Ich blieb dort, ich weiß nicht wie lange. Zehn Minuten, eine halbe Stunde. Ich starrte die Sterne an, mit den Augen zusammengeklebt von Schichten getrockneten Spermas. Ich spürte, wie die Sahne in jeder Falte meines Körpers abkühlte, dicker wurde und an der Haut zog. Mein Arsch pochte offen, entleerte sich langsam vom Sperma unzähliger Fremder, das mir über den Damm in den Tümpel lief. Mein Hals war wund. Meine Knie waren zerstört. Mein Rücken vom Sand gezeichnet. Und mein Schwanz noch halb hart.
Ich stand so gut ich konnte auf. Meine Beine zitterten. Ich fand die kurze Hose drei Meter entfernt, zertrampelt und durchnässt. Ich zog sie an, ohne mich auch nur darum zu kümmern, mich sauber zu machen. Das T-Shirt war in Fetzen, unbrauchbar. Ich ging barfuß zum Auto, oben ohne, von Kopf bis Fuß mit Sperma bedeckt, und hinterließ eine feuchte Spur auf dem Asphalt.

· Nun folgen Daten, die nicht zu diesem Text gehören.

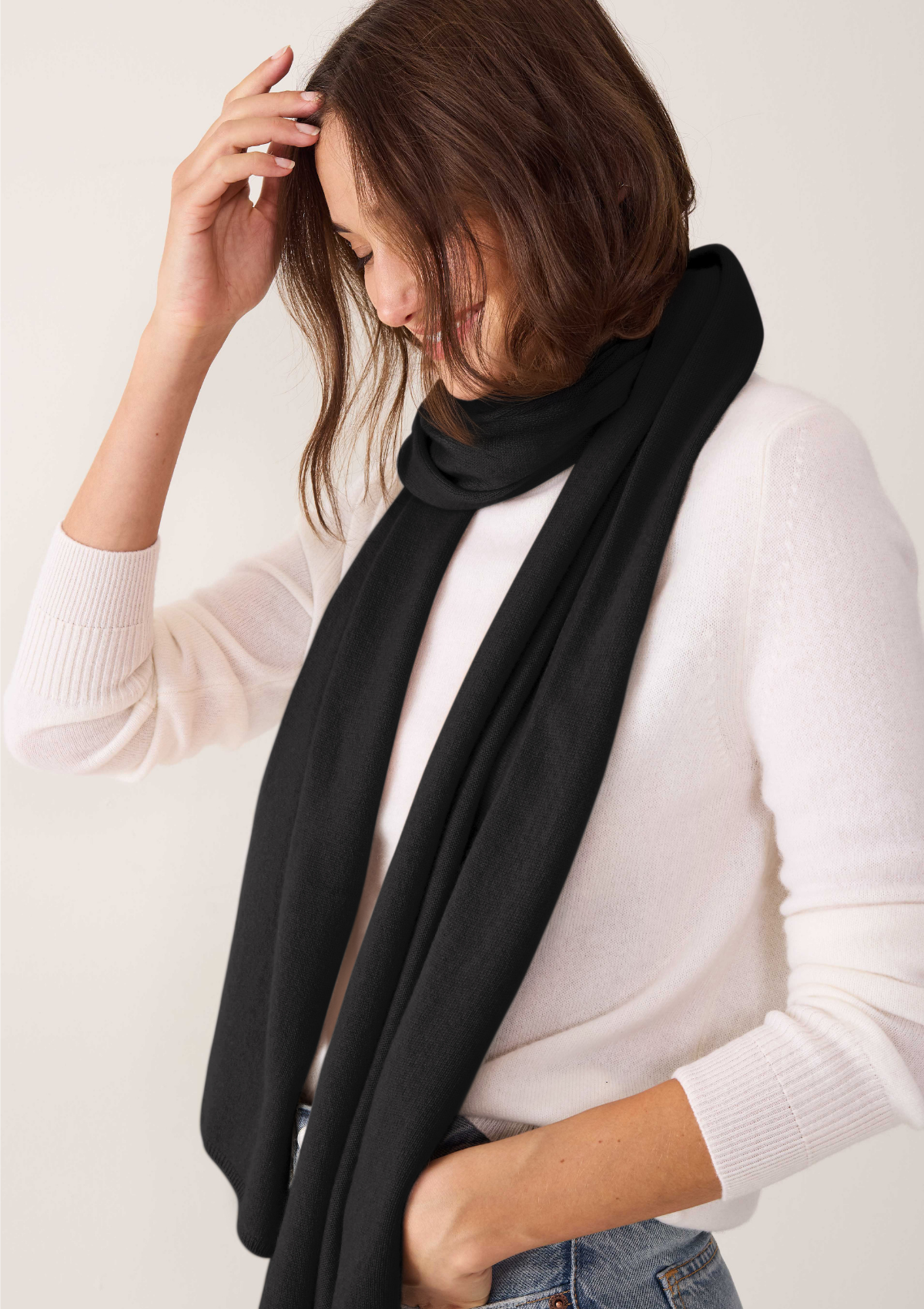 Lofty Cashmere Scarf in Black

Ich setzte mich ans Steuer und sah in den Rückspiegel. Ich erkannte mich nicht. Das Gesicht geschwollen, die Augen rot, das Haar zu weißen Krusten verklebt, Fingerabdrücke am Hals und auf den Wangen. Ich sah aus wie jemand anderes. Ich sah genau aus wie das, was ich war.
Ich startete den Motor. Ich fuhr um fünf Uhr morgens durch Sevilla, klebrig, zerbrochen, leer und vollkommen erfüllt. Ich kam an der Giralda vorbei, und das erste Licht der Morgendämmerung begann, den Guadalquivir orange zu färben. Auf dem Heimweg war mein einziger Gedanke, wann ich wieder dorthin gehen würde.